## TRY IT:
Print the data exactly as written, but leave out each picture.

## DATA BLOCK:
<<<<

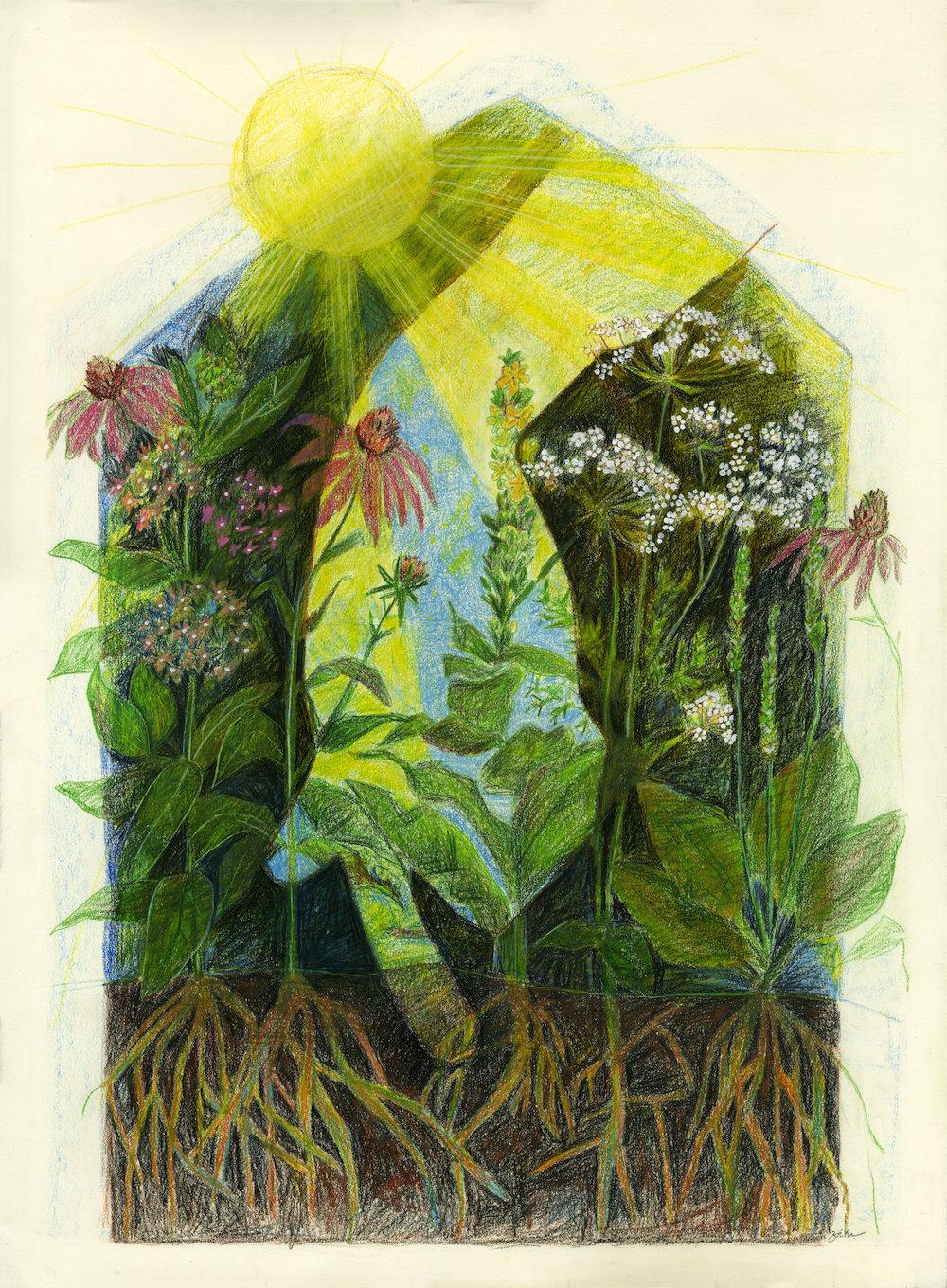 A crayon drawing of transparent hand reaching into a flower garden with the sun above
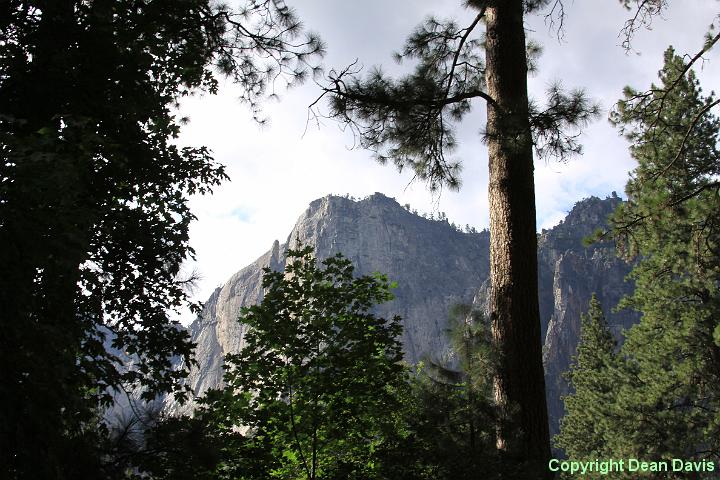 IMG_0304.JPG - Yosemite Valley, California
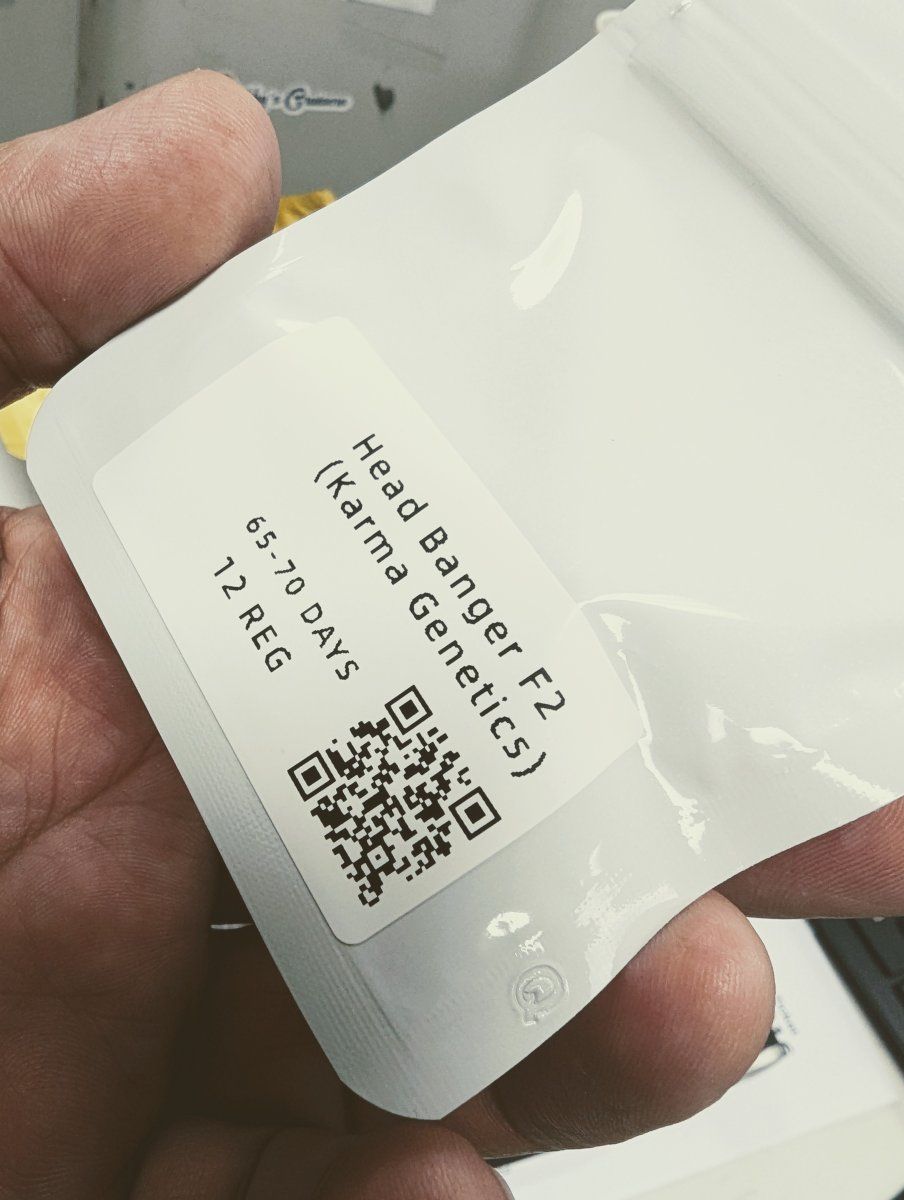 PXL 20260330 193438269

>>>>

## EXPECTED ANSWER:
 A crayon drawing of transparent hand reaching into a flower garden with the sun above
 IMG_0304.JPG - Yosemite Valley, California
 PXL 20260330 193438269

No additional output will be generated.